There's another wrinkle on newer versions of Apple's software: if you're sharing with someone who's not in your contacts, the system may ask for an AirDrop code. That's normal behavior, not a failure. If you're seeing prompts like that, read Apple's main AirDrop page closely and follow the on-screen steps rather than abandoning the transfer halfway through.
When should you restart Wi-Fi, Bluetooth, or network settings?
Restarting is still worth doing, but the order matters. Don't jump straight to Reset Network Settings the first time AirDrop acts up. A full network reset is useful, but it's annoying because it clears remembered Wi-Fi networks, VPN details that weren't installed by management, and a few other network preferences. Save that for after you've ruled out the simpler fixes.

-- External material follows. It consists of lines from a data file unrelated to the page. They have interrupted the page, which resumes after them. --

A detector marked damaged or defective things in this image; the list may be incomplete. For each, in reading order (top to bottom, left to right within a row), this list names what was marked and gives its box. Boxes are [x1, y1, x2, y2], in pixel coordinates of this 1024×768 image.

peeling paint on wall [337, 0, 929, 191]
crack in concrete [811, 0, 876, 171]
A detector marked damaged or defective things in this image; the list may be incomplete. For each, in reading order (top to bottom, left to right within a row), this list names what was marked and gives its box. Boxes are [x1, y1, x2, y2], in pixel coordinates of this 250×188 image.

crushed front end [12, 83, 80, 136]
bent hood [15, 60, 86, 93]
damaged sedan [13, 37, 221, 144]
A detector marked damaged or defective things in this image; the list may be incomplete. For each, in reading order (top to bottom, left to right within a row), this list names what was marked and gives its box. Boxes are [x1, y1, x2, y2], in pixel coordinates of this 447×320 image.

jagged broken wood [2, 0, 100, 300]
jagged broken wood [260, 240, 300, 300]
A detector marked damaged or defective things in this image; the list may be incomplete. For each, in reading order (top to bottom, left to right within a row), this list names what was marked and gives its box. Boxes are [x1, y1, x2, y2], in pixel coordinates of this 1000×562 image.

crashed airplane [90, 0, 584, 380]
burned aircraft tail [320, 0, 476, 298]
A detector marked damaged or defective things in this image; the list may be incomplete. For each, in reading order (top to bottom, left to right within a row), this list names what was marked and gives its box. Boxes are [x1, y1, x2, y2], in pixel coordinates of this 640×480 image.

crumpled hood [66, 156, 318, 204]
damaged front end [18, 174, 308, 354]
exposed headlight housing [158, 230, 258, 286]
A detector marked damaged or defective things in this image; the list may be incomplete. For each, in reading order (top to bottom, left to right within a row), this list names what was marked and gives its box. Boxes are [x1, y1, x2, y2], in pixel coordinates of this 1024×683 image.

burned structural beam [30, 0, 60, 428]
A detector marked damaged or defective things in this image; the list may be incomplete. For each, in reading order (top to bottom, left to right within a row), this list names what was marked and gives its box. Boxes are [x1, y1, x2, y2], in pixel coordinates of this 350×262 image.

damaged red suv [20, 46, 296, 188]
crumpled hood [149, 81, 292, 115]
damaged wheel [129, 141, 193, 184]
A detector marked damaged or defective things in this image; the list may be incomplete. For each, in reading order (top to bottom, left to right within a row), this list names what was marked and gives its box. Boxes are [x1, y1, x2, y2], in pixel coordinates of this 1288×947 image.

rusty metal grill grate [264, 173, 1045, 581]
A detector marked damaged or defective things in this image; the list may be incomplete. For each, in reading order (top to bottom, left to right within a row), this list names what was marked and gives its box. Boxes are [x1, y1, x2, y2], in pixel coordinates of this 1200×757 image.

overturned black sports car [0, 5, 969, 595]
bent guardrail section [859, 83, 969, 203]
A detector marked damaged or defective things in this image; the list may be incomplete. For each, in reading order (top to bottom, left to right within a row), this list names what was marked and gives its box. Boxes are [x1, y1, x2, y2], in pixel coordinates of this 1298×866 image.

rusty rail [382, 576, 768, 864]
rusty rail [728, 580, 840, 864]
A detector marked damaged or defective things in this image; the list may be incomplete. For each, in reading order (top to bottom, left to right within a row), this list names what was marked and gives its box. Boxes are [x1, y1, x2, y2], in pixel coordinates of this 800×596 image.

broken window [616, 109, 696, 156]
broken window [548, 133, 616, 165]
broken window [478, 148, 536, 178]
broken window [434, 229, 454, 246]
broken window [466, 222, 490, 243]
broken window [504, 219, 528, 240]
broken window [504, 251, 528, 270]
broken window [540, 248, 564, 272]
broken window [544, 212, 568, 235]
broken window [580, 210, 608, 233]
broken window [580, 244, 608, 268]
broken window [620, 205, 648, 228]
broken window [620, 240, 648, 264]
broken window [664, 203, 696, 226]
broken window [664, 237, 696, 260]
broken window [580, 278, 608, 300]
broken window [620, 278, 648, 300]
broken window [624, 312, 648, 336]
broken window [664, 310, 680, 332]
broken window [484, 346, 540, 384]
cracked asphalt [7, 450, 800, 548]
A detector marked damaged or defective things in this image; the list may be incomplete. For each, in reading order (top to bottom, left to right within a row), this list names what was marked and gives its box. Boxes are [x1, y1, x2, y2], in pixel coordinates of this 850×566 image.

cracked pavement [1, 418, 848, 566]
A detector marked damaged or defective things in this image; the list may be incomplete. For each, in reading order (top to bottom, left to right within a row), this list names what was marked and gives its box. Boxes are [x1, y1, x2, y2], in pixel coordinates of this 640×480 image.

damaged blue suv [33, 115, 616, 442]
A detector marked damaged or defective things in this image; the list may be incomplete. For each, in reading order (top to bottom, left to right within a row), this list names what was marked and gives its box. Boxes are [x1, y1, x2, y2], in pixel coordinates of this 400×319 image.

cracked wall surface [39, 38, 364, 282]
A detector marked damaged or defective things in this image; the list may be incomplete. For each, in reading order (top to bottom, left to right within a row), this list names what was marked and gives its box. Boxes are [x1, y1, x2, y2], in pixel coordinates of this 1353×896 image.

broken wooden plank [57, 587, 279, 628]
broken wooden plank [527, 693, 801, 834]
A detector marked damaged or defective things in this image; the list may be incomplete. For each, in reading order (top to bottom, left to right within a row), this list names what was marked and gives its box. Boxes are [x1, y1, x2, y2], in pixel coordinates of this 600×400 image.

Work through the reset ladder like this:
- Restart both devices. It sounds basic because it is, and AirDrop problems often come from stuck background states that a reboot clears immediately.
- Turn Wi-Fi and Bluetooth off in Settings, then back on. Do this in Settings if you want a true off-and-on cycle, not just a temporary disconnect from Control Center.
- Toggle Airplane Mode on for about 15 seconds, then off. This gives the wireless stack a clean break without erasing saved networks.
- Try AirDrop again with Everyone for 10 Minutes.
- Only then consider Reset Network Settings on iPhone.
If you do reach that last step, read Apple's reset settings guide first so you know exactly what gets cleared. That's especially worth doing on an iPhone you use for work, because VPN and certificate changes can have side effects you don't want to discover in the middle of the day. What you do not need here is Erase All Content and Settings. AirDrop problems almost never justify that kind of scorched-earth move.
One more thing: if you only ever tested with one giant video file, switch to something small before you assume the reset failed. A single photo tells you whether discovery and transfer work at all. That's a cleaner signal than a multi-gigabyte file that may introduce timing issues, storage warnings, or patience problems.
What should you do on a Mac when AirDrop still fails?
Mac troubleshooting is a little different because the receiving behavior can be less obvious. If you're expecting a Mac to appear and it doesn't, open Finder and click AirDrop in the sidebar or choose it from the Go menu. That does two useful things at once: it confirms AirDrop is available on the Mac, and it makes the Mac's receive state much more obvious while you test. If the Mac receives files but they seem to vanish, check the Downloads folder first before you decide the transfer failed.
If the Mac is the sender and the iPhone won't show up, keep the iPhone unlocked on the Home Screen or inside the relevant app, not asleep on the table. Then retry the Share sheet from the Mac after the phone is already awake. I've seen plenty of cases where the order matters more than it should. AirDrop isn't supposed to be fussy, but sometimes it is.
Software age can matter too. If one device is running a very old release and the other is fully current, weird behavior gets more common. I wouldn't chase updates as the first fix, though I'd absolutely check for them after the simple tests above. The same goes for work-managed Macs. If the machine belongs to your employer or school, AirDrop can be limited by policy, and no amount of local button tapping will change that.
At that point, take one clean final pass instead of wandering through settings. Put the Mac and iPhone next to each other, set both to Everyone for 10 Minutes, turn off Personal Hotspot, open AirDrop in Finder, and send one small file. If that fails too, you've earned the right to move past guesswork and focus on either a deeper network reset on the iPhone or a management restriction on the Mac.